Rare early 18th Century plan of Turin, published by De Fer in Paris.
A rare early plan of Turin, one by De Fer, which may have formed the basis for a later variant of the map by Danet entitled Attaques de Turin par l'Armee du Roy Commandee par le Duc de la Feuillade en 1706 le 30 Juin, which was also engraved by Antoine Coquart. The elaborately decorated key locates approximately 20 places.
The map is very rare. OCLC locates only 2 examples (Bibliotheque National de Paris and British Library). The map or a variant edition copying De Fer's map also appears to have been issued in 1706.
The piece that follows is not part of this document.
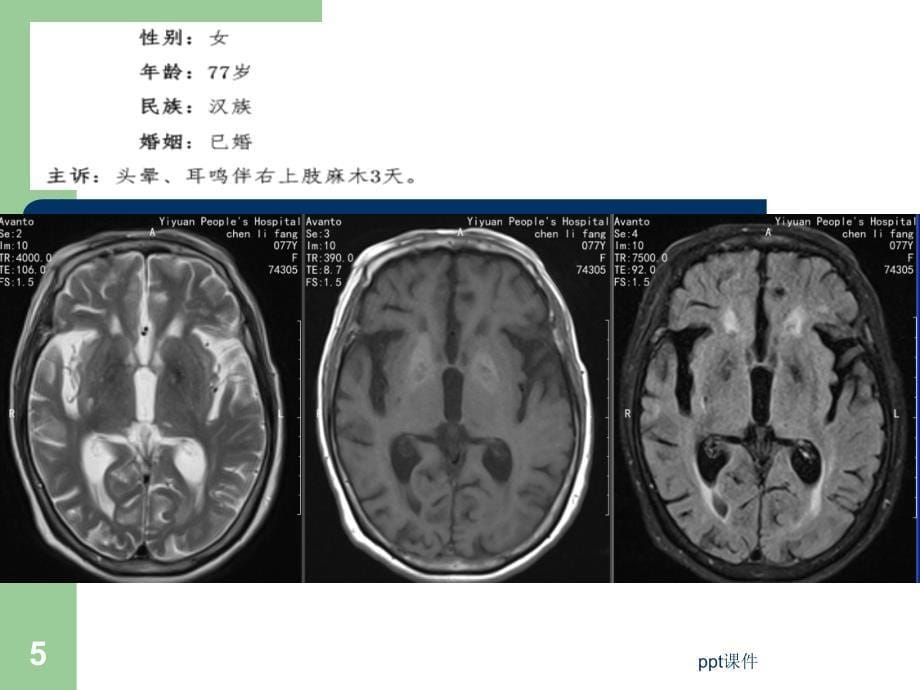 基底节区T1WI高信号病例--课件_第5页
Nicholas de Fer (1646-1720) was the son of a map seller, Antoine de Fer, and grew to be one of the most well-known mapmakers in France in the seventeenth century. He was apprenticed at twelve years old to Louis Spirinx, an engraver. When his father died in 1673, Nicholas helped his mother run the business until 1687, when he became the sole proprietor.
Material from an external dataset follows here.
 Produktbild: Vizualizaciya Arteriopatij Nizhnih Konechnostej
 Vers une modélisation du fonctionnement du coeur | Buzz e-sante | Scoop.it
His earliest known work is a map of the Canal of Languedoc in 1669, while some of his earliest engravings are in the revised edition of Methode pour Apprendre Facilement la Geographie (1685). In 1697, he published his first world atlas. Perhaps his most famous map is his wall map of America, published in 1698, with its celebrated beaver scene (engraved by Hendrick van Loon, designed by Nicolas Guerard). After his death in 1720, the business passed to his sons-in-law, Guillaume Danet and Jacques-Francois Benard.